*YOUR INSTRUCTIONS*:
What do the lines from the top of the data through the line with "六合彩129期老版苹果日报(黑白)" say? Quote them exactly and include both ends.

• • • • • • •

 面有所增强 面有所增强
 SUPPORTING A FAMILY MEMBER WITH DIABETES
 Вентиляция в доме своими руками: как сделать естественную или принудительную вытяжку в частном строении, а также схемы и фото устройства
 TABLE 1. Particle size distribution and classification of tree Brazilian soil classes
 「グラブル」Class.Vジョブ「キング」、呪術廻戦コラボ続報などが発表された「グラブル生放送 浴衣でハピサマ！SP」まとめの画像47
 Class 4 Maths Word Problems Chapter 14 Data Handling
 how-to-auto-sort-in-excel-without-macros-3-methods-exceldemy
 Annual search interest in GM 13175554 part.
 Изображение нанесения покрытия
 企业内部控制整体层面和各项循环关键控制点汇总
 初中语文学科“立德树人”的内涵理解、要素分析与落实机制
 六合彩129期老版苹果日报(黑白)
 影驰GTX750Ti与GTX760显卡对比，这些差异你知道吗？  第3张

• • • • • • •

*RESULT FOR THIS EXERCISE*:
 面有所增强 面有所增强
 SUPPORTING A FAMILY MEMBER WITH DIABETES
 Вентиляция в доме своими руками: как сделать естественную или принудительную вытяжку в частном строении, а также схемы и фото устройства
 TABLE 1. Particle size distribution and classification of tree Brazilian soil classes
 「グラブル」Class.Vジョブ「キング」、呪術廻戦コラボ続報などが発表された「グラブル生放送 浴衣でハピサマ！SP」まとめの画像47
 Class 4 Maths Word Problems Chapter 14 Data Handling
 how-to-auto-sort-in-excel-without-macros-3-methods-exceldemy
 Annual search interest in GM 13175554 part.
 Изображение нанесения покрытия
 企业内部控制整体层面和各项循环关键控制点汇总
 初中语文学科“立德树人”的内涵理解、要素分析与落实机制
 六合彩129期老版苹果日报(黑白)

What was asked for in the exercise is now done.